I was aware the article was talking about how to change the bootloader to grub2-bls and did mention that I didn’t test if it would work the other way around as well.
I was able to install grub2-efi and use it, but grub2-bls still stayed the default one despite me changing the config file. I wasn’t able to make systemd-boot appear as an option at all, maybe it needed more or different steps.

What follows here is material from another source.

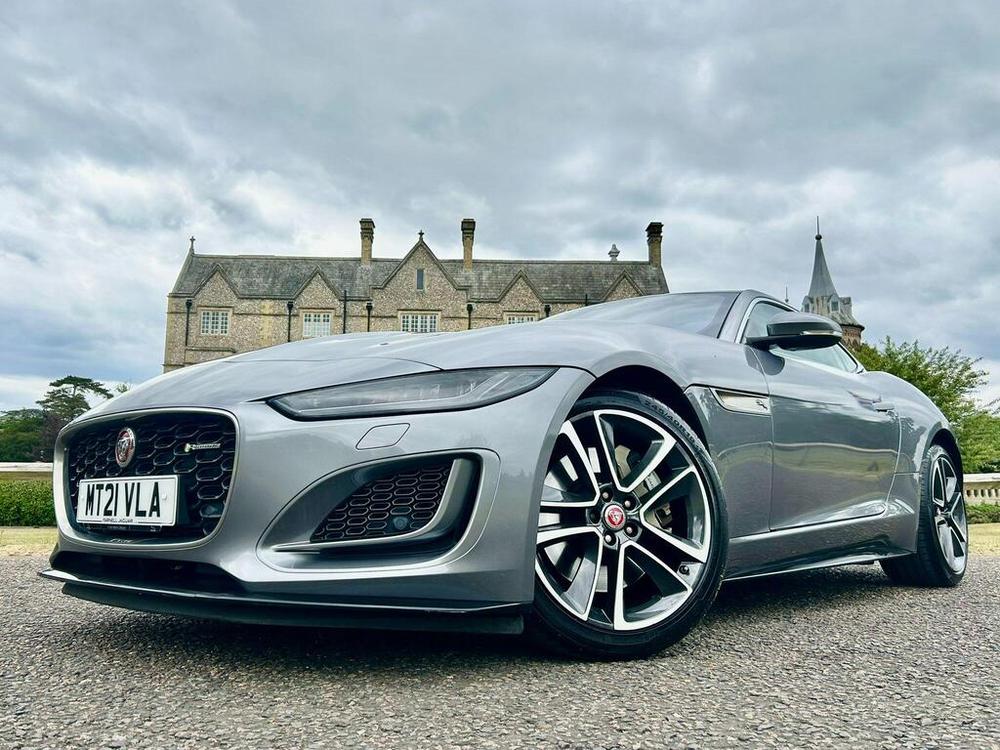 Used Jaguar F-Type MT21VLA 14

grub2-efi has the right resolution but even worse visual glitches with a text mode interface slowly unrolling from the top to the bottom of the screen over the course of several seconds, it disappears right after covering the whole of the graphic interface. The videoinfo command also isn’t available
You are most likely still using signed image. You need to both disable Secure Boot in BIOS and in bootloader configuration (SECURE_BOOT in the /etc/sysconfig/bootloader).
And that is a strong hint that you are still booting using grubbls (at least, that is what I suspected looking at its embedded grub.cfg).
It’s a new grub variant that appeared after I installed grub2-efi and shows up as “openSUSE Boot Manager” in the boot device list I get when I press F12, as opposed to “openSUSE Boot Manager (grub2-bls)” nvm I might’ve misremembered that, gonna try it more now
OK so I’m pretty sure there weren’t two opensuse boot devices before I started tinkering with this, but now that I’ve deleted grub2-efi and changed /etc/sysconfig/bootloader to be back how it was, they’re both still there… and going to the F12 menu and choosing either one of them manually gives me the proper resolution and the big slow text mode glitch. But booting normally doesn’t
Also I realized that the bad resolution grub also has the exact same text-interface-appearing-on-top glitch, it just happens in a fraction of a second instead of several seconds
grubbls enables both default text mode console and graphical output and it prints output on both. The “normal” grub.cfg is only configuring one output, either console or gfxterm.